(ASSIGNMENT): An exact repetition of the data is required; no picture should appear in it.

(GIVEN DATA):
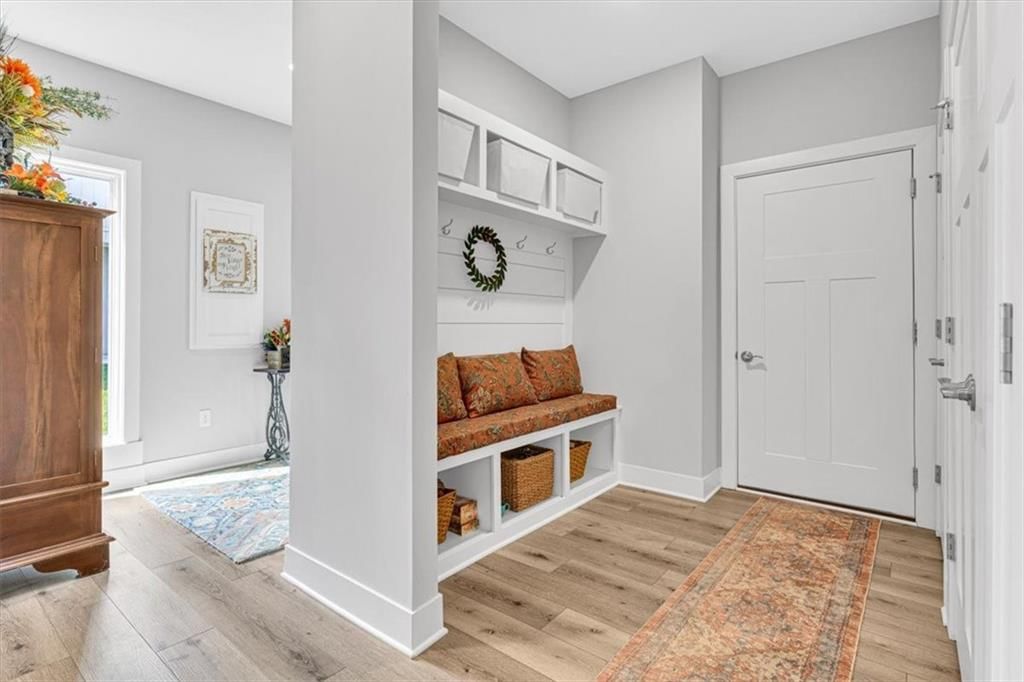 703 Ridge Drive — photo 29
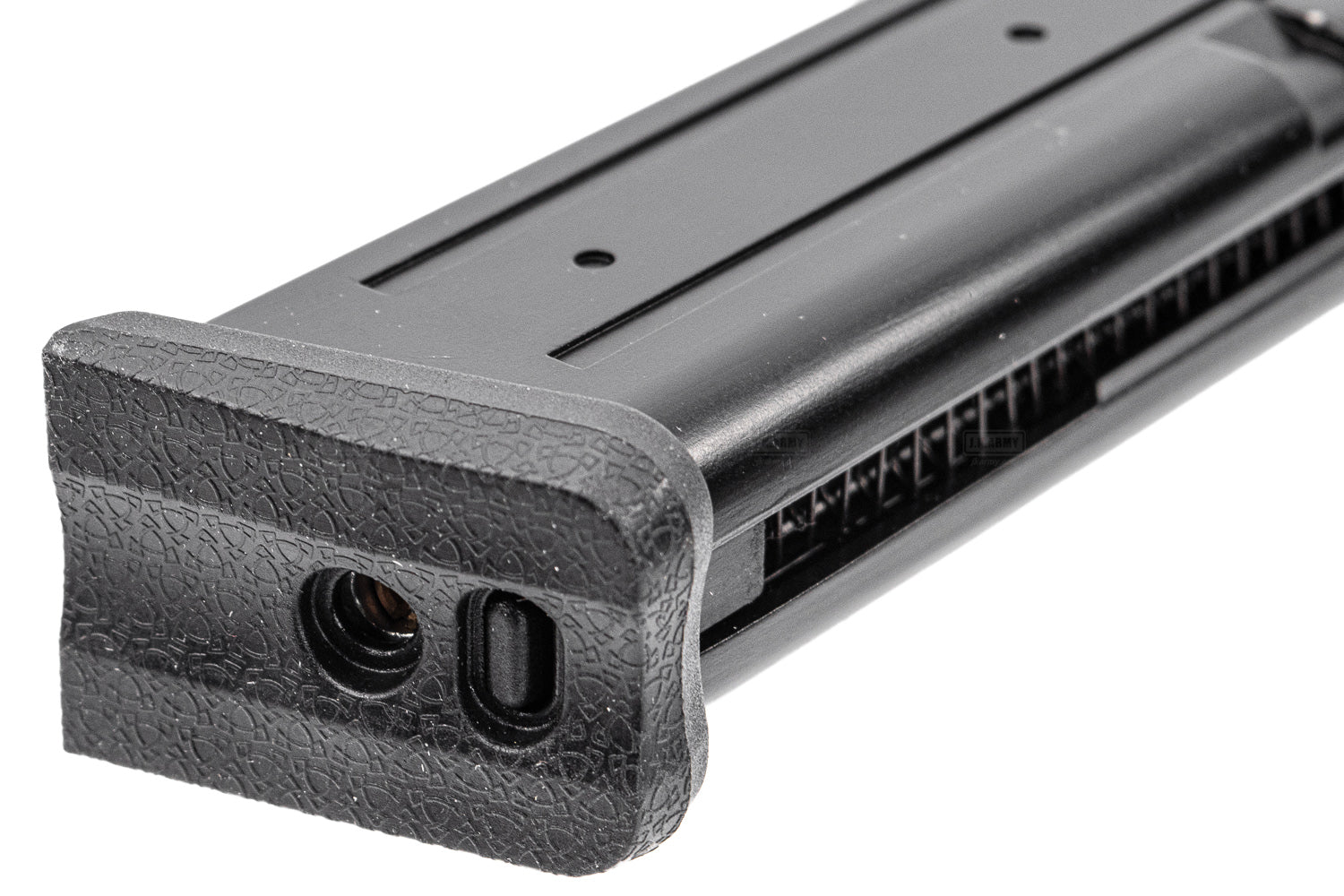 APS Gas Magazine for ACP Gas GBB Pistol Airsoft Series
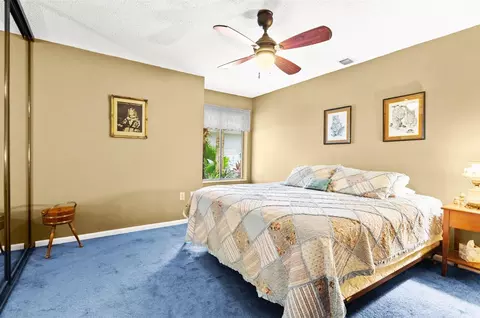 313 Natchez Ct, Jupiter, FL 33477 photo 19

(REPLY):
 703 Ridge Drive — photo 29
 APS Gas Magazine for ACP Gas GBB Pistol Airsoft Series
 313 Natchez Ct, Jupiter, FL 33477 photo 19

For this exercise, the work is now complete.